Although he was noted for his religious fervor, even as a child, in other aspects of life, Joseph developed an unusual absentmindedness and inertia. His widowed mother treated him with “great severity” and rejected him as a nuisance. As he wandered the village, sometimes open-mouthed and aimless, he earned the nickname “Boccaperta,” or “The Gaper.”
It was not an easy task to find his place in the world and Joseph struggled painfully as a young man. He was apprenticed to a shoemaker without success, despite his best efforts. Several attempts to join a religious order also proved unsuccessful for Joseph. His absentmindedness made him a poor worker and his frustration was sometimes expressed in temper-tantrums. He could forget even the simplest of tasks and often dropped dishes or broke things in his clumsiness. However, through the influence of an uncle, a Conventual Franciscan, Joseph joined the Franciscans as a servant. They offered him a tertiary habit and put him to work in the stables. There, in the quiet company of a barn full of farm-beasts, Joseph began to change, and to find his way to the pure heart of God.

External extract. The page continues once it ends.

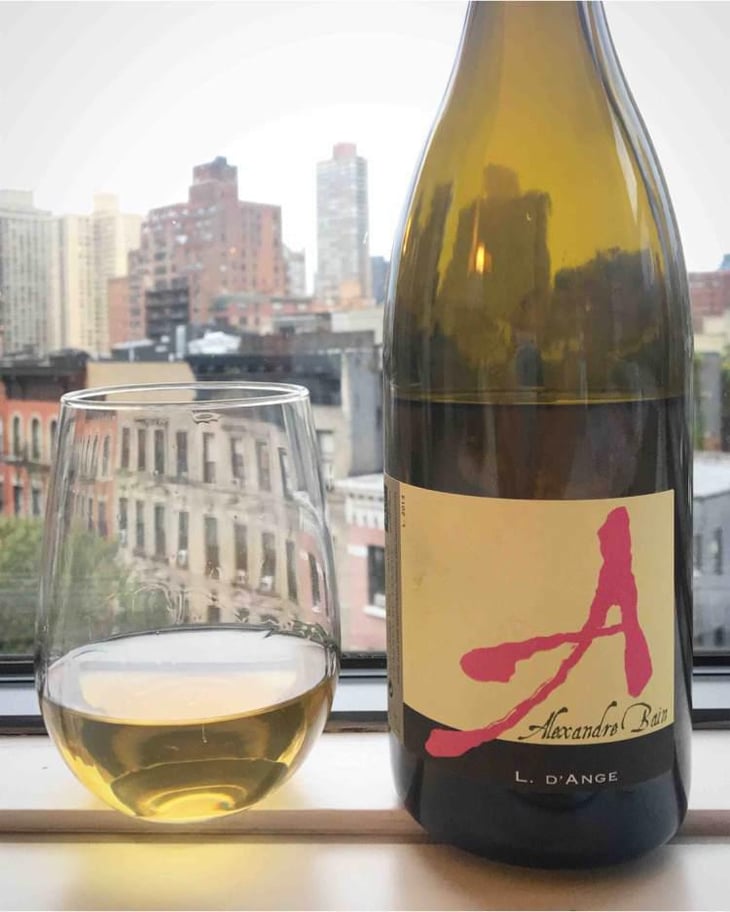 L. d’Ange - Domaine Alexandre Bain - Alexandre Bain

His work in the stables not only appears to have altered his temperament, giving him a greater sweetness and humility, but it also appears to have acted as the gateway to a lifetime of ecstasies and miracles of healing. Any reference to God or the mysteries of religion would catch St. Joseph up into profound contemplation, causing him to lose his bearings with the world around him.
In one of the more noted stories of St. Joseph and his absolute innocence, the sight of a lamb is said to have caught him up into so pure a contemplation of the spotless Lamb of God that he was physically carried into the air with the lamb still in his arms.
Eventually, though he struggled terribly as a student, he was ordained when, during one oral exam, his examiner asked him the one question whose answer he knew very well. Thus his patronage to test-takers.
Given to levitation (over 70 episodes were recorded in one seventeen-year period), especially during Mass or the Divine Office, St. Joseph was often considered an outcast and an oddity. He was the focus of several inquisitions, one that led to the chambers of Pope Urban VIII himself. But upon sight of the Vicar of Christ, St. Joseph went into ecstasy and Urban declared that he would offer evidence to the experience.
In another well-authenticated instance, his fellow religious saw him fly up seven feet into the air to kiss the statue of the infant Jesus that stood over the altar. They then watched as he gathered the statue in his arms and floated away with it to his cell.
More impressive than his physical levity, St. Joseph possessed a childlike emotional and spiritual levity. His extraordinary command over animals reportedly surpassed even St. Francis himself. Sheep were said to gather round him and listen to his prayer, a sparrow at the convent came and went at his command.
He was often sought out for counsel and prayer and assisted many in growing in holiness through his purity and simplicity. When asked for spiritual direction, St. Joseph would often tell the weary-hearted, “Pray. If you are troubled by dryness or distractions, just say an Our Father. Then you make both vocal and mental prayer.”
He died September 18, 1663; was beatified by Pope Benedict XIV in 1753; and was canonized by Pope Clement XIII in 1767.
Like many of the saints, St. Joseph’s life is not without some historical controversy and there are those who reject the possibility of levitation, citing instead “hallucinations,” mental illness, and the like. But that does not change the import of St. Joseph’s life as an encouragement to greater childlike faith and purity of heart. He is a constant reminder that though the world may reject you, the Lord loves the pure of heart and he is never far from those with childlike faith.
St. Joseph of Cupertino, pray for us.